Tom Ferguson worked for the United States Postal Service. He was not your everyday mailman, for he worked in a moving railway postal car. The line he worked on was the Missouri-Kansas-Texas (KATY) railroad. The concept of the railway postal office (RPO) was not new. The first railway post office began operating between Chicago and Clinton, Iowa on the Chicago and North Western Rail line. By 1869 the Railway Mail Service had expanded to about every mail railroad line in the United States. 
Tom and his wife Lola moved with their young family to Sedalia, Missouri in the early 1900s. While there, he secured a job working as a mail clerk on the KATY line between Sedalia and Parsons, Kansas. If one were to travel between the two locations by car today, it would take three hours and twenty-eight minutes. It would probably take much less time by train. 
In June of 1911, the family moved to Webster Groves, Missouri. Tom continued to work for the U.S. Postal Service on the rail line between St. Louis and Sedalia. If one were to travel between the two locations, it would take two hours and fifty-one minutes, a little less than the trip between Sedalia and Parsons. 
As a railway postal clerk, Tom would have loaded the mail onto the car, sorted, canceled, and filled sacks with mail for delivery to post offices in cities and towns surrounding the rail line.
The postal rail car was behind the locomotive. Sparks belched from its stack. The lighter wooden mail cars, sandwiched between the heavier locomotive and passenger cars, provided many opportunities for the mail clerks to suffer severe injury from a wreck, the sudden lurch of the train, or an errant spark that could set the postal rail car ablaze. 

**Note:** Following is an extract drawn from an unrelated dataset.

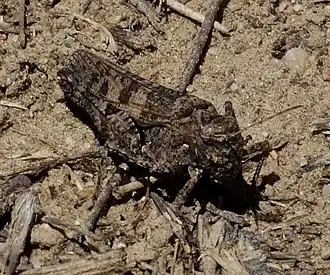 Description de cette image, également commentée ci-après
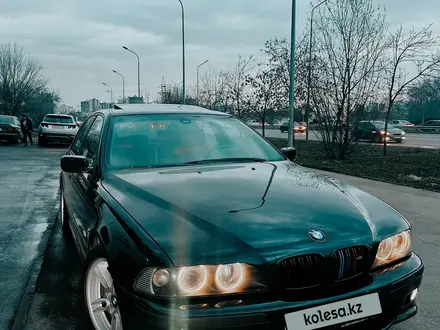 BMW 525 2001 года за 7 000 000 тг. в Алматы – фото 3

According to trains.com, “RPO clerks were a special breed. Although they were Post Office employees, they were as much railroaders as postal workers.
A century ago, when both vocations held wide appeal (and when railroading was hazardous and mail shipments subject to robbery), they were heroic figures. An RPO clerk had to be familiar with thousands of towns and instantly know the best mail routings to them. On tests, 97% was the passing score; on the job, accuracy and honesty were well over 99%.” 
This job provided the Ferguson family of seven with a solid middle-class income that took them safely through the Great Depression of the 1930s.
The RPO system was still vibrant in the early 1950s. However, by the 1960s, the number of passengers on trains began to decline. Seeing no future for the passenger, the United Postal Service severely cut their RPO routes and eventually ended in 1977. 
Tom kept this job until the early 1940s when he began working as a salesman for a local St. Louis real estate firm. He was in his late fifties. The new occupation was probably not as exciting or physically demanding as his days on the Katy line but certainly safer.